Le référendum, dont les résultats sont invérifiables faute de commission électorale indépendante, a ouvert la crise politique la plus grave en Espagne depuis son retour à la démocratie en 1977.

République suspendue

En vertu des résultats, M. Puigdemont a estimé que la Catalogne devait désormais « devenir un Etat indépendant sous forme de République ».

Les applaudissements ont fusé dans son camp, tandis qu’à l’extérieur, des indépendantistes venus écouter le discours sur un écran géant s’étreignaient.

Mais il a décidé de laisser « un temps mort » pour des négociations, a expliqué mercredi matin le porte-parole du gouvernement catalan Jordi Turull.

Cette pause, avait expliqué M. Puigdemont, doit permettre « d’entamer un dialogue, sans lequel il est impossible de parvenir à une solution négociée ».

« Le président a dit qu’il suspendait les effets de l’indépendance, de la loi de transition (vers l’indépendance) pour pouvoir nous asseoir, écouter, dialoguer, voir s’il y a un moyen de trouver un accord », a expliqué M. Turull.

« La déclaration d’indépendance doit être faite par le parlement de Catalogne », a-t-il ajouté.

Peu après le discours de Carles Puigdemont, la vice-présidente du gouvernement conservateur, Soraya Saenz de Santamaria, avait dénoncé indignée « le discours de quelqu’un qui ne sait pas où il est, ni où il va, ni où il veut aller ».

Dans son édition de mercredi, le quotidien El Pais, le plus lu du pays, évoque un « piège », estimant que l’exécutif catalan ne cherche à négocier rien d’autre que l’indépendance et a prévu dans l’intervalle de « déstabiliser économiquement et politiquement » l’Espagne.

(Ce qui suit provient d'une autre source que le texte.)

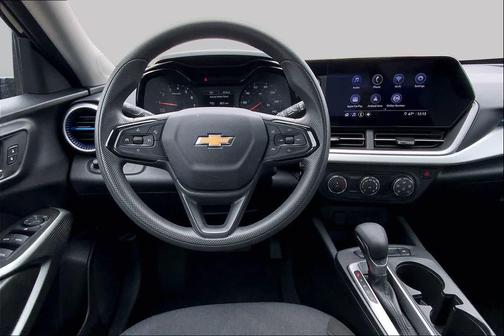 Mosaic Black Metallic 2025 Chevrolet Trax LS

Le quotidien catalan La Vanguardia préfère insister sur une tentative « d’apaiser la tension ».

La maire de Barcelone, Ada Colau, a salué sur Twitter l’opportunité laissée au « dialogue et (à) la médiation », estimant que « la balle est désormais dans le camp de M. Rajoy ».

Après le Conseil des ministres, le chef du gouvernement a prévu de s’exprimer devant les députés, en fin d’après-midi.

Appels de l’étranger

Hormis la suspension d’autonomie, le gouvernement a plusieurs instruments à sa disposition.

Il a déjà pris le contrôle des finances de la région en septembre. Et il peut aussi instaurer un état d’urgence allégé lui permettant d’agir par décrets.

Une arrestation de Carles Puigdemont et son entourage dans le cadre d’une enquête judiciaire déjà ouverte pour sédition n’est pas exclue.

Toute mesure drastique risque cependant de provoquer des troubles en Catalogne, région de 7,5 millions d’habitants, soit 16% de la population de l’Espagne, pour 19% du PIB du pays.

Les Catalans, divisés presque à parts égales sur l’indépendance, souhaitent en majorité un référendum en bonne et due forme.

Selon une source du gouvernement régional catalan, juste avant l’ouverture de la séance parlementaire, Carles Puigdemont a reçu un ou des appels de l’étranger qui l’ont amené à repousser son allocution, voire à la modifier.